La Guerra Fría sería el escenario sobre el que se desplegarían sus obras más clásicas. La publicación de Rebeldes Primitivos en 1959, dedicado al estudio del bandidaje rural, fue uno de sus primeros trabajos de renombre internacional. A él le seguiría el clásico Industria e imperio en 1968, una de las claves para el análisis de la Revolución Industrial.
Fruto de su incansable labor profesional, saldría a la luz la colección que probablemente haya terminado de establecerlo como uno de los historiadores más influyentes de su época. La era de las revoluciones: 1789-1848 (publicado en 1962), La era del capital: 1848-1871 (1975) y La era del imperio (1987) conforman una trilogía en la que aparecen conjugadas sus mejores cualidades. Su atrapante narrativa le permitió acceder a un público masivo, borrando las fronteras que tantas veces se han construido entre una historia “en serio” y la divulgación. La capacidad conceptual de ordenar un convulsionado siglo XIX largo en etapas, atendiendo a sus especificidades y sus líneas de continuidad, le dio nacimiento a un nuevo modo de comprender el siglo iniciado al calor de la doble revolución. Su poder de síntesis, capaz de pasar de estudios monográficos a perspectivas de largo alcance, conformó una pieza única en su género. Algunos años más tarde, tras la caída del Muro de Berlín y la URSS, publicaría su Historia del siglo XX (1994).
En las últimas décadas, Hobsbawm no sólo siguió publicando sino que jamás dejó de ser uno de los animadores más activos de la vida política e intelectual inglesa. Al margen de su destacada autobiografía, Años interesantes (2002), sus últimas obras, Guerra y paz en el siglo XXI (2007) y Cómo cambiar el mundo (2011), echan luces sobre la vitalidad de un historiador que jamás se alejó de la voluntad de comprender e interpretar el mundo que lo acogía. Lo mismo atestigua su apoyo y posterior alejamiento del Laborismo inglés, en el que depositó sus esperanzas al momento de la llegada de Tony Blair al poder.

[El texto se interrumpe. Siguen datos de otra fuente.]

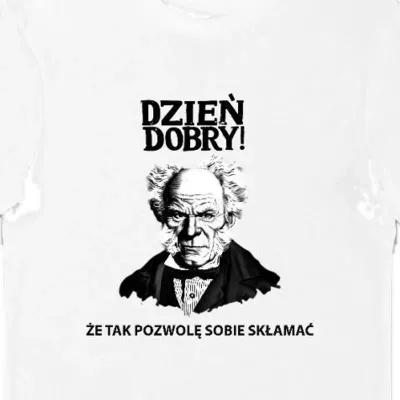 Koszulka dzień dobry że tak skłamie biała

Se fue Hobsbawm. Tal vez no sea lo atinado para un hombre de 95, pero se fue demasiado pronto. Se fue uno de los mejores historiadores que jamás haya habido. Un narrador cuya prosa sabía condensar mejor que ninguna los rigores de la Historia y la apuesta por una literatura que pudiera llegar a las manos de quien se inquietara por el pasado.

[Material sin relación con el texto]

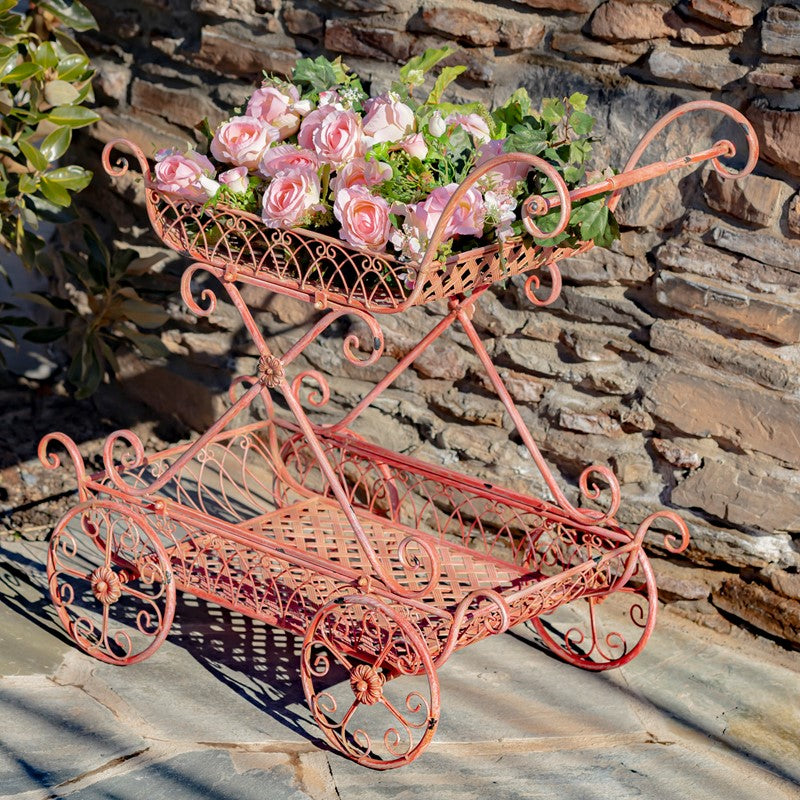 Two Tier Iron Flower Push Cart in Flamingo Pink "Odesa 1794"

En los meses venideros vendrán los homenajes laudatorios, las reediciones y las pompas en su honor. Cuando los fuegos se apaguen, cuando las odas dejen de sonar, quedará allí firme su obra, cautelosa, comprometida, incisiva y desafiante. Esa obra que ya es un clásico y quedará para siempre en los anaqueles de los pocos libros que verdaderamente valen la pena.
Si acaso eso fuera posible, Hobsbawm representa al hombre de un siglo que acabó en forma sombría, bajo las amenazas del “fin de la Historia”. En los albores de este nuevo que comienza, quizás su labor sea un faro para las nuevas generaciones intelectuales, que deberán hacer su propio camino en la oscuridad de un futuro incierto.
Aunque no nos guste, aunque cueste despedirla, la pluma partió, dejando huérfano al siglo en ciernes con el desafío de tener que encontrar su propio narrador.